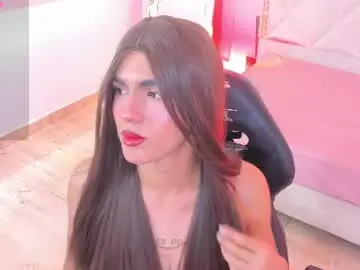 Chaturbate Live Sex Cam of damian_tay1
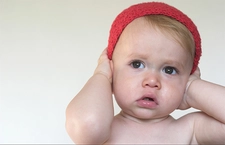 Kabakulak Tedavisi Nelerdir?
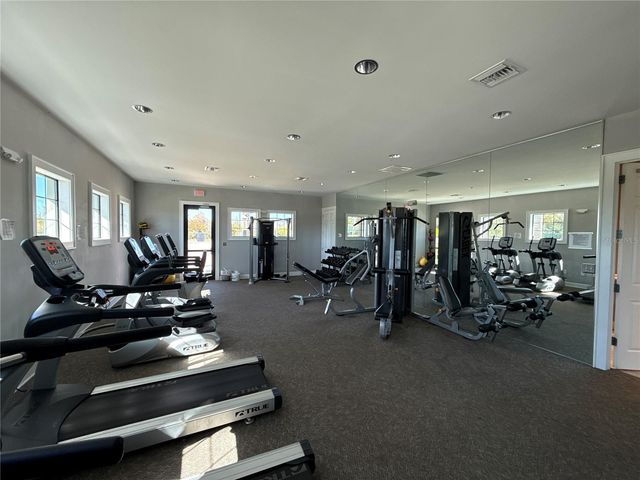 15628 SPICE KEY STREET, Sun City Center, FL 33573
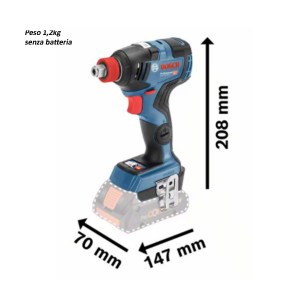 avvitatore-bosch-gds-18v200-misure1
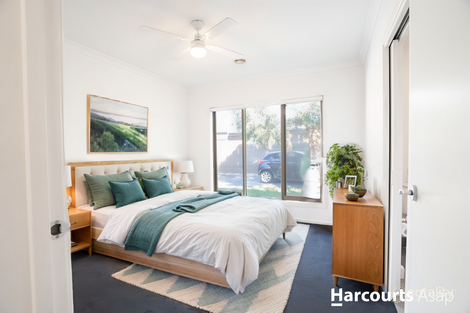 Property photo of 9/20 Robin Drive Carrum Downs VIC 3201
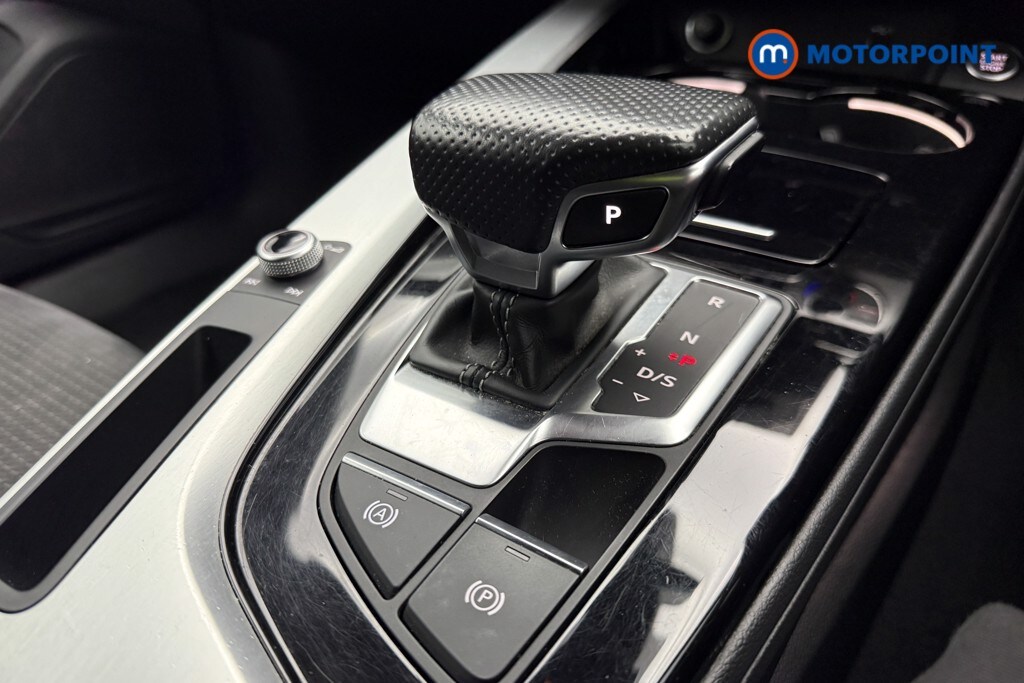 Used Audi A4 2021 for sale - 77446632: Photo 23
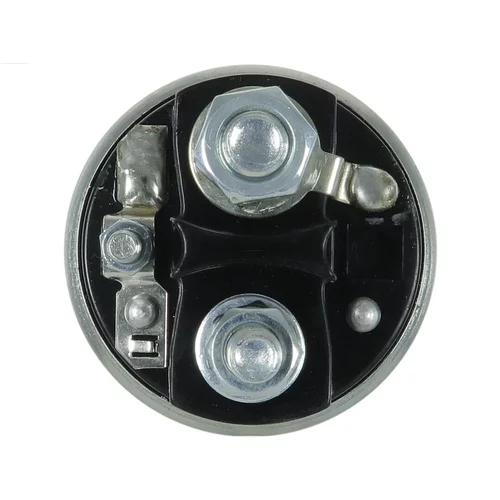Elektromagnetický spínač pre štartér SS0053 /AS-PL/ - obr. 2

⁂

■ **Exercise aim**: Could you write out the whole listing exactly, dropping the pictures?

■ **Exercise output**:
 Chaturbate Live Sex Cam of damian_tay1
 Kabakulak Tedavisi Nelerdir?
 15628 SPICE KEY STREET, Sun City Center, FL 33573
 avvitatore-bosch-gds-18v200-misure1
 Property photo of 9/20 Robin Drive Carrum Downs VIC 3201
 Used Audi A4 2021 for sale - 77446632: Photo 23
Elektromagnetický spínač pre štartér SS0053 /AS-PL/ - obr. 2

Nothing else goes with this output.